IMO we should keep this Sleep call, because we are trying to ascertain effect of adding a pod to the reconciler and whether it results in any change. Without the Sleep what we are doing is, we are verifying immediate state and hence they are not the same thing.

Updated.

I'm not sure if relying on sleep in unit testing will still make it fragile.

We are not "relying" on sleep. We are giving reconciler loop a chance to turn, so as we are testing code after reconciler loop has turned (at least in theory).
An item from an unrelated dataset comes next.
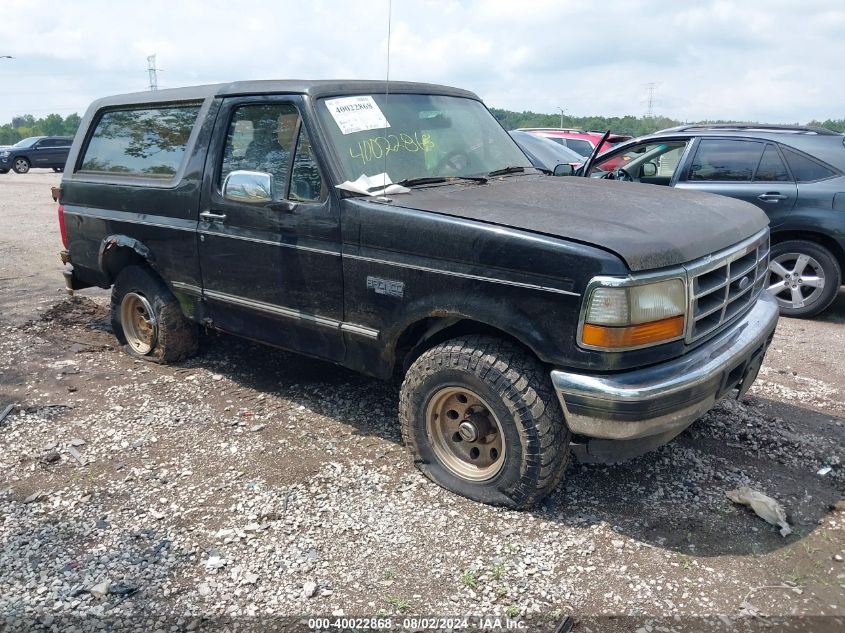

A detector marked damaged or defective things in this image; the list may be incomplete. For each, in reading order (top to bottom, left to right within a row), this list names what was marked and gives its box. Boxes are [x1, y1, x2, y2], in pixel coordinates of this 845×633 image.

gnufied · 2023-03-29T15:19:04Z

pkg/controller/volume/attachdetach/reconciler/reconciler_test.go

 	// verifyVolumeReportedAsAttachedToNode will check volume is in the list of volume attached that needs to be updated
 	// in node status. By calling this function (GetVolumesToReportAttached), node status should be updated, and the volume
 	// will not need to be updated until new changes are applied (detach is triggered again)
-	time.Sleep(100 * time.Millisecond)


Same here - we should keep at least one Sleep call here.

gnufied

Some minor nits. Why are we commenting out the code rather then removing them? Do we expect to fix them in a follow up?

… last ones

pacoxu · 2023-03-30T02:49:28Z

Some minor nits. Why are we commenting out the code rather then removing them? Do we expect to fix them in a follow up?

Let's remove it as we have no further action time here.

At first, I kept it because it could help developers understand the testing process and comments.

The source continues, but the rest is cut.